Processing facilities, such as manufacturing plants, chemical plants and oil refineries, are typically managed using process control systems. Valves, pumps, motors, heating/cooling devices, and other industrial equipment typically perform actions needed to process materials in the processing facilities. Among other functions, the process control systems often manage the use of the industrial equipment in the processing facilities.
In conventional process control systems, controllers are often used to control the operation of the equipment in the processing facilities. The controllers typically monitor the operation of the industrial equipment and/or the products or related materials through use of various sensors, and provide control signals to the equipment based on information retrieved from the various sensors. Wireless transmitters can be used with the sensors to provide data from the processing facility to a remotely located processor for evaluation of the data. The wireless transmitters are generally rigidly connected to various processing devices. In some arrangements (e.g., structures and the like in the path of transmission) or environmental conditions, for a given transmitted power level the signal strength of the data signal received at the processor or other remote receiver can be insufficient for accurate evaluation of the data required for proper control. Moreover, in certain applications, such as battery powered sensor arrangements, it may not be possible to increase the transmitted power level to compensate for poor received signal strength.

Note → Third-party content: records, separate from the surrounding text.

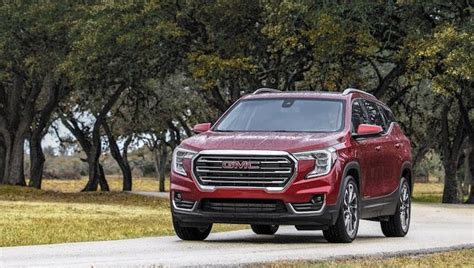 The New Gmc Acura Suv Is Driving Down A Tree Lined Road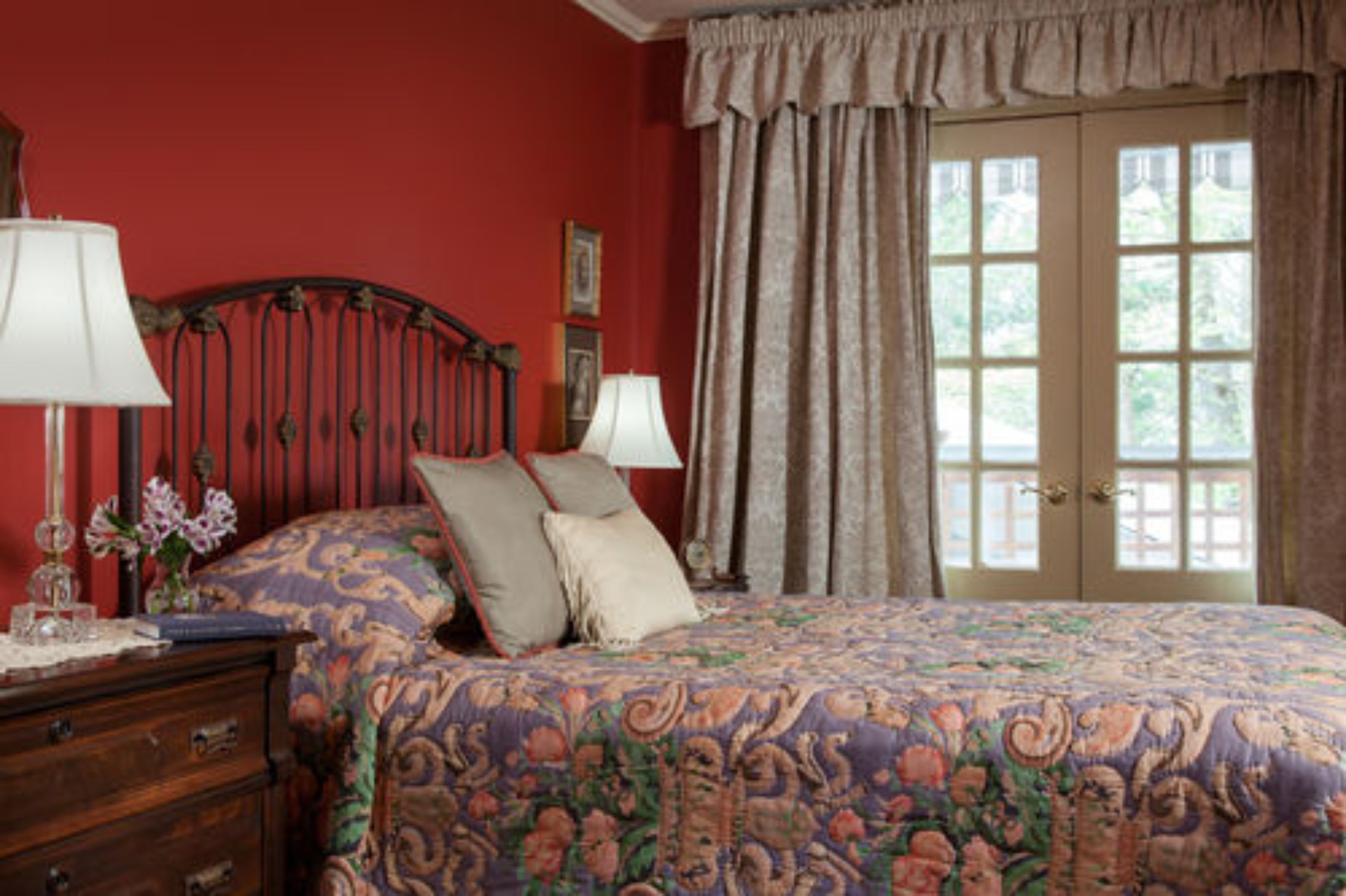 Un dormitorio con una cama grande, dos lámparas de noche, un aparador y una ventana con cortinas.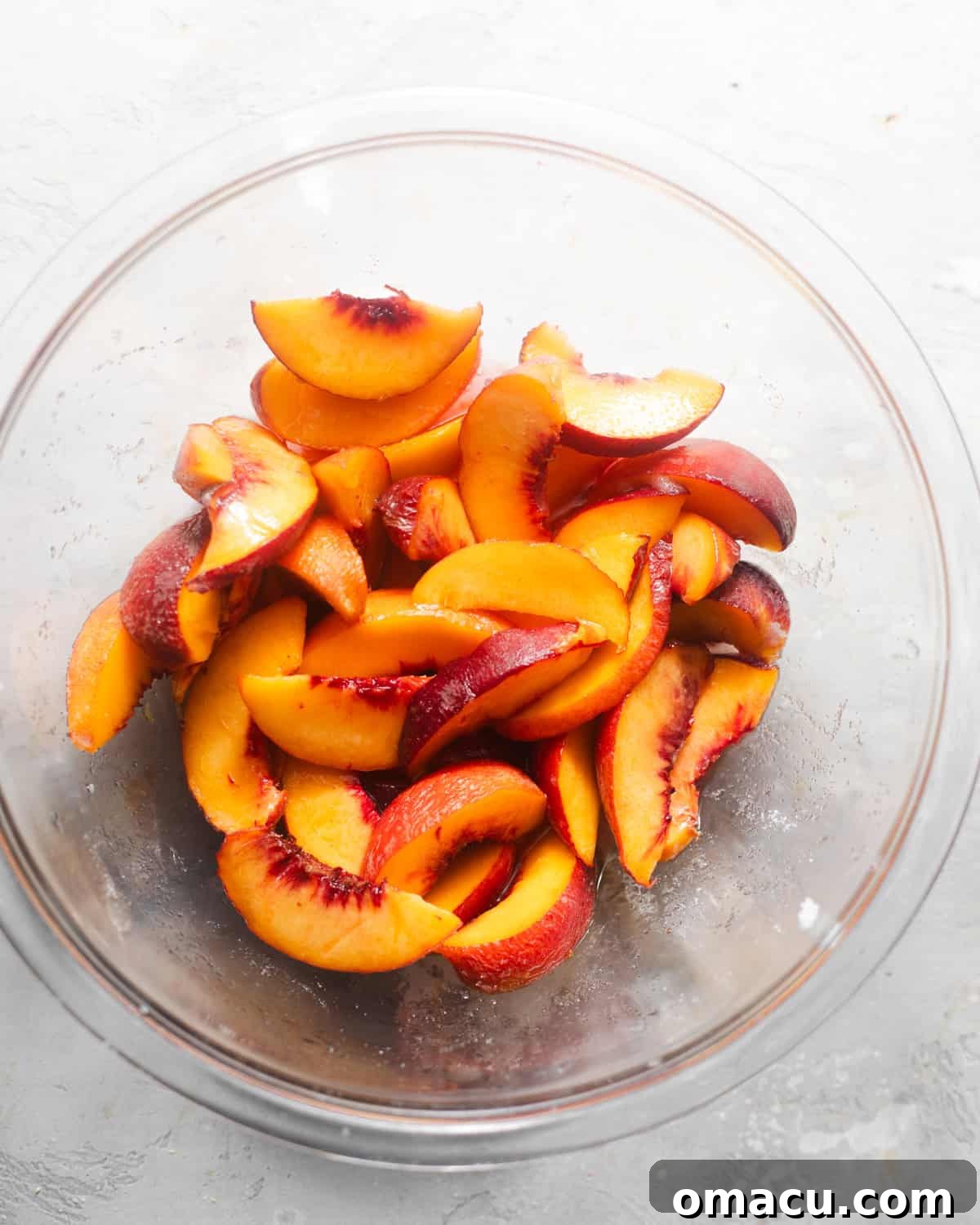 Sliced peaches macerating in a glass bowl, glistening with brown sugar and lemon juice.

Disclosed embodiments described herein include wireless valve-position monitors that comprise a housing comprising a plurality of possible antenna module mounting ports. In contrast, conventional wireless valve-position monitors comprise a single antenna module mounting port that fixes the location of the antenna relative to the housing. A position sensor is within the housing that interfaces to a movable portion of a process-control valve for providing a position detection signal that reflects a current position of the process-control valve. A wireless transmitter comprising a transceiver coupled to an antenna module is coupled to the position sensor for transmitting a wireless signal that communicates the position of the process-control valve, such as to a network. The antenna module may be mounted to one of the plurality of possible mounting ports which allows a user the ability to select from multiple different antenna mounting locations, such as to provide improved communications (e.g., higher received signal levels) with a remote location. Moreover, the ability to select from multiple different antenna mounting locations allows antenna module location flexibility that enables use in applications that are not possible with conventional valve-position monitors in which a portion of the valve to be measured occupies the same space as the sole antenna module mounting location provided.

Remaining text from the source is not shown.